El autor cubano conquista al jurado con ‘Siete preposiciones de lugar’, un poema con imágenes «en planos rompedores» que capta momentos simultáneos en diferentes espacios

«Es una mañana muy bonita». Son las 7.34 de la mañana en Ohio (EE UU) y Víctor Rodríguez Núñez ya está operativo al otro lado del teléfono. «Estar despierto a estas horas es parte de mi rutina», justifica. Él escribe poesías como los novelistas las novelas: un poco todos los días. «No espero a la inspiración. Trato de mantenerme inspirado». Un sentido de la disciplina que se traduce en una extensa trayectoria con 17 poemarios publicados y premios como el Loewe al que ahora suma un nuevo reconocimiento. El autor, periodista y crítico cubano se alza con el XXIX Premio de Poesía Manuel Alcántara, de los de mayor dotación a un solo poema (6.000 euros), por ‘Siete preposiciones de lugar’. Un galardón que recibe como un buen «estímulo» a un oficio acostumbrado al obstáculo y la resistencia. «La poesía no se vende, pero tampoco se rinde. No se puede vivir de la poesía. Por eso hay que vivir para la poesía», declara.

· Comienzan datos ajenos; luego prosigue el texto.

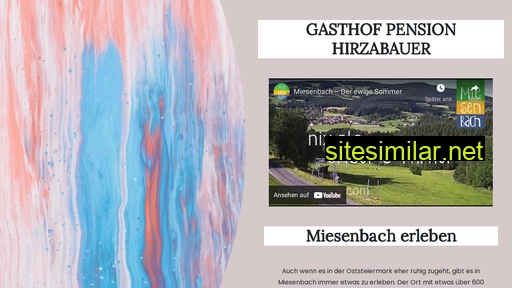 Hirzabauer similar sites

‘Siete preposiciones de lugar’ se impuso entre las 282 obras presentadas desde diferentes países de habla hispana. «El poema, con imágenes dispuestas en planos rompedores, sigue la tradición simultaneísta con antecedentes como Ernesto Cardenal y Ezra Pound y funde de manera luminosa lo épico y lo lírico», consideró el jurado, presidido por Álvaro García e integrado por José Infante, Rafael Muñoz Zayas, Rosa Romojaro y María José Jiménez Tomé.

Desde Ohio, donde ejerce como catedrático del Kenyon College, Víctor Rodríguez escucha el análisis del jurado y asiente. Se reconoce en esas palabras. «La poesía es pensamiento por imágenes», explica. Pero él huye de la tradición realista, «muy fuerte en España», y crea una alternativa con imágenes que unen lo concreto y lo abstracto. Y, como poeta que hunde sus raíces en la poesía de vanguardia y de Apollinaire, su autor de referencia, admite que la cuestión de la simultaneidad es «muy importante» en su creación.

FOTO

‘Siete preposiciones de lugar’ recoge momentos simultáneos en diferentes espacios en los que el poeta ha estado «atento» a su entorno. «Ese es nuestro trabajo, prestar atención». El autor enfatiza la representación del espacio como reacción al olvido que tiene en la lírica actual. «La poesía moderna tiene una obsesión con el tiempo, pero el tiempo es solo una dimensión de la realidad». Él hace que el espacio hable por sí mismo, «sin un yo». «Tiene que ir más allá de la experiencia personal para que sea de otros, para que pueda llegar al otro».

Lo consigue paritiendo de una máxima: que cada lector haga su interpretación. «Mi sueño es incluir al lector en el proceso de construcción del poema. Quiero un lector activo, que participe». Es consciente de que esa apuesta gusta menos a los editores. «Prefieren publicar poesía que sea clara, que sea directa y que no le da poder al lector. Me niego a hacer ese tipo de poesía por respeto al lector. Yo solamente disfruto de la poesía que me hace pensar. No la entiendo como monólogo sino como diálogo con el lector», sentencia.

El premio está organizado por el Ayuntamiento de Málaga, con el patrocinio de la Fundación Unicaja y la colaboración de la Fundación Manuel Alcántara. Goza de un gran prestigio tanto por la cuantía como por el reconocimiento de los poetas ganadores en ediciones anteriores entre los que se pueden destacar a Cayetano Luca de Tena y Lazo, Antonio Hernández, Rosa Romojaro, Luis Alberto de Cuenca, Manuel Vilas o Rocío Rojas-Marcos. Además de la dotación económica, el galardonado recibe una escultura original de Jaime Pimentel.

Por Regina Sotorrío del diariosur.es

Share.

About Author

Comments are closed.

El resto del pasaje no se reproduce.